- Logging in
- Start an ingest
- Archivematica server monitoring
- Fixity checking and repair
- Dropping MySQL and ES data in pipelines
- Reindexing AIPs in Archival Storage indexes
- Deleting AIPs
- Cleaning up after successful Automation Tools ingests
- Responding to failed Automation Tools ingests
- Checking Automation Tools logs
- Adding and switching AIP Store locations
- Updating Automation Tools processing configuration
- Clearing space when local disk is nearly full
- Restarting services
- Log of changes to default Archivematica FPR
- Archivematica custom settings
- Archivematica updates and dependencies
For administrators to log into the Archivematica servers, they will need to ask IT to make them an account. The command to access the server is ssh [email protected]
where user
is your username and the string of numbers is the URL for the pipeline or Storage Service. Enter your password when prompted.
To log out, use Ctrl+D
.
Confirm that the digital processing archivists have uploaded their SIPs to the appropriate pipeline. Once you've logged into the server for that pipeline, do:
cd /mnt/incoming/transfers/UPLOADED_SIP_FOLDER
sudo mv * /mnt/incoming/auto-transfers/
This moves the SIPs into a watched folder. Archivematica will start ingesting these SIPs at the next five minute interval. Next confirm the folder is empty using the ls
command. Then delete the empty folder:
cd ..
rm -rf /UPLOADED_SIP_FOLDER/
Fixity checks of all AIPs are conducted on a quarterly basis using the Fixity application. Fixity's scanall
function is run via the cca-fixity scripts installed at /var/archivematica/cca-fixity
on the Storage Service VM and called automatically on the second Friday of each January, April, July, and October via the crontab. Logs are saved on the Archivematica Storage Service server at /var/log/cca-fixity
and results are emailed to the relevant administrators.

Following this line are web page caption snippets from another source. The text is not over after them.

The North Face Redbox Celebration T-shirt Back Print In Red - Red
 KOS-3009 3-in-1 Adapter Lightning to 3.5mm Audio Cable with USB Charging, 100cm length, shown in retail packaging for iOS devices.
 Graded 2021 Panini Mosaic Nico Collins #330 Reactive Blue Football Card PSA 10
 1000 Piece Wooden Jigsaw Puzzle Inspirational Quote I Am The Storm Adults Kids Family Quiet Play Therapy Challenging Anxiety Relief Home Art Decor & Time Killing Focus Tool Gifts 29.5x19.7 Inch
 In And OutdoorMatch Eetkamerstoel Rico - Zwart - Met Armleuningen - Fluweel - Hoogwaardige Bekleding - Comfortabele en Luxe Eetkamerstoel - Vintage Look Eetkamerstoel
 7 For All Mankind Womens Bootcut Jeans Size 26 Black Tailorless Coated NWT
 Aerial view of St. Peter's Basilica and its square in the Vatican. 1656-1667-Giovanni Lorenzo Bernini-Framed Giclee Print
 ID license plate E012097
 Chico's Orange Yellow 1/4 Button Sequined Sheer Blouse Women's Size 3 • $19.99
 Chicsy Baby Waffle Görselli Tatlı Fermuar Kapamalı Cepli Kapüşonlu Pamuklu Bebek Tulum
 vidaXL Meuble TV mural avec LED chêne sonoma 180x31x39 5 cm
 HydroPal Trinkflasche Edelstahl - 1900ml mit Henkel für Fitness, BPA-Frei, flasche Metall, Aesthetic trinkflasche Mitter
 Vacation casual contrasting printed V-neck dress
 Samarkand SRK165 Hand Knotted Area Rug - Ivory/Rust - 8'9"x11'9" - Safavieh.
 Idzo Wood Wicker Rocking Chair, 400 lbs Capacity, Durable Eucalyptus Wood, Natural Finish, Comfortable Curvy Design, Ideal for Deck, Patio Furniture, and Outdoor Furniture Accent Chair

To manually conduct a fixity check of a single AIP:
- Connect to VSP-AMSS-01
- Load environmental variables:
source /etc/profile.d/fixity.sh
- Run fixity
scan
function:fixity scan <AIP UUID>
If you must run a scanall
fixity check manually, use nohup to ensure that the process runs to completion in the background, even if your terminal session ends
- Connect to VSP-AMSS-01
- Load environmental variables:
source /etc/profile.d/fixity.sh
- Run fixity
scanall
function:nohup fixity scanall &
When AIP corruption is detected, notify IT and restore the AIP from backups according to the Storage Service's Recovery procedures.
We will periodically drop the Elasticsearch indexes and rows from the MySQL databases on each of the processing pipelines to minimize resource drain and keep performance quick. This should be done every few months and only after all ingests have been successfully QAed.
Artefactual Support has been asked to create an estimate for a script to do this cleanup for pipeline MySQL databases.
To drop the ES index on a pipeline:
curl -XDELETE http://<pipeline.ip.address>:9200/aips
When the ES index is dropped, backups and logs from /srv/am-est-backups
and /var/log/elasticsearch
may also be deleted. This will help to save space on the local disk.
To re-index an AIP in an Archival Storage index on a given pipeline, you can use the rebuild-aip-index.py
and reindex-aip.sh
scripts from the Archivematica folder of the CCA scripts repo on the pipeline where you would like the AIPs to be re-indexed.
The bash script reindex-aip.sh
reindexes an AIP using the Archivematica devtools.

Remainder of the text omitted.